▸ ASSIGNED TASK: Copy every line of the entries that has the string "mirror" in it.

PROVIDED DATA Start Marker

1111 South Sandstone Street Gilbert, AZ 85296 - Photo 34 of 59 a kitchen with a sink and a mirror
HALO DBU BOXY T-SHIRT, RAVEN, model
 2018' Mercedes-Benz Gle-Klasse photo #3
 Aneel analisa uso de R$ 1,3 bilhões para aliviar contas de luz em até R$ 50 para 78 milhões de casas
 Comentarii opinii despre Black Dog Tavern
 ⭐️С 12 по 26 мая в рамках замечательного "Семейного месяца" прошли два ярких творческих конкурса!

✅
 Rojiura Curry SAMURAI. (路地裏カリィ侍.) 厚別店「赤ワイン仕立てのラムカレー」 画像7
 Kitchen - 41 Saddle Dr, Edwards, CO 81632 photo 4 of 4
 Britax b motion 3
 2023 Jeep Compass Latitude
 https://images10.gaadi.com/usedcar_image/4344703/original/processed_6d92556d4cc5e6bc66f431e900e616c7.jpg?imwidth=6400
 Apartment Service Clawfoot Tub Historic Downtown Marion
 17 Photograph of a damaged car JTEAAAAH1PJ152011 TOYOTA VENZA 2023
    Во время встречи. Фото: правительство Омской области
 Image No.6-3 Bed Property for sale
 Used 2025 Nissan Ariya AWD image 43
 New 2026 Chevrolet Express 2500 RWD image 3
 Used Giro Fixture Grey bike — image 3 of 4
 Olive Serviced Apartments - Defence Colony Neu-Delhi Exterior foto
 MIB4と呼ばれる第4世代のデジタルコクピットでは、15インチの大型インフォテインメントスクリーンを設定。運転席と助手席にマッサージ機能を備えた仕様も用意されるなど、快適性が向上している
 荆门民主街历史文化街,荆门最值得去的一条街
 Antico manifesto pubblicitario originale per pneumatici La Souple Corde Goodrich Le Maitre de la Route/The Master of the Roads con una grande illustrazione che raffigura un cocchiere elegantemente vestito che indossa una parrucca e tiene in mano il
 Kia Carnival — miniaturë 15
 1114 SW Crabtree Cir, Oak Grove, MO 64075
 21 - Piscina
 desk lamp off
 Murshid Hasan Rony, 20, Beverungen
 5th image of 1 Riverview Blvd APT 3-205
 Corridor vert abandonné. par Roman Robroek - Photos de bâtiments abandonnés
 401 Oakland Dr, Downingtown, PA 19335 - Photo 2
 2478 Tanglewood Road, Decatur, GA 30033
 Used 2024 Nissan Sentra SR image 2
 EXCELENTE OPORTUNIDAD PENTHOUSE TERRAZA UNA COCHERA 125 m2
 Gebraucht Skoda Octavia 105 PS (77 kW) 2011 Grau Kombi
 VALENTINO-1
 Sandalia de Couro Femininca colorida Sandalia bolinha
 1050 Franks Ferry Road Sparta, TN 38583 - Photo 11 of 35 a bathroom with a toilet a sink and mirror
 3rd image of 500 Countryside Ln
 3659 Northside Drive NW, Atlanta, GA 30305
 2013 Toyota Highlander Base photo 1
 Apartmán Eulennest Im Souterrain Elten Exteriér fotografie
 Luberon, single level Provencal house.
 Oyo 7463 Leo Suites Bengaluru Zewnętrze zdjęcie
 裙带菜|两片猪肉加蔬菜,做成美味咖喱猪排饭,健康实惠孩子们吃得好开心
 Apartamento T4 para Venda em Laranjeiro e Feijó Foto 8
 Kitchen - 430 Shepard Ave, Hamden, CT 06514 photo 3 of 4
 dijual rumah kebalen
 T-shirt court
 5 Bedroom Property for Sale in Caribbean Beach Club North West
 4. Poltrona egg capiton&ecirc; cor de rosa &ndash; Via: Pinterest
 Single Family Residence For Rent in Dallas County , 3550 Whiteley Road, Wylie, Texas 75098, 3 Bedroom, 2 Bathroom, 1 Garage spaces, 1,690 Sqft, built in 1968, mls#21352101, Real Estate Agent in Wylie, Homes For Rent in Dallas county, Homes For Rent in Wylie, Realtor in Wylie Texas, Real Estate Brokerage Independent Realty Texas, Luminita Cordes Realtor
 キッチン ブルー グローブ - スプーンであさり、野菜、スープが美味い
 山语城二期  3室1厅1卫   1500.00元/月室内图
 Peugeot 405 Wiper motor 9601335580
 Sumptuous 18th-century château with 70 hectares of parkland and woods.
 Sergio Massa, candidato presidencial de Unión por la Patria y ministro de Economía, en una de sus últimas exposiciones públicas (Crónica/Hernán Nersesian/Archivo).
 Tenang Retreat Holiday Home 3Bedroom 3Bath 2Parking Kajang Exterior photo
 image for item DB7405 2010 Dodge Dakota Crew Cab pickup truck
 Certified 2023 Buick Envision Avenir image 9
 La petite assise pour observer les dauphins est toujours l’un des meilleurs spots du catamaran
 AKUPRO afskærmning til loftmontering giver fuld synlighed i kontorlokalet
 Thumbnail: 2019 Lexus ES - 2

PROVIDED DATA End Marker

▸ REPLY TO THE TASK:
1111 South Sandstone Street Gilbert, AZ 85296 - Photo 34 of 59 a kitchen with a sink and a mirror
 1050 Franks Ferry Road Sparta, TN 38583 - Photo 11 of 35 a bathroom with a toilet a sink and mirror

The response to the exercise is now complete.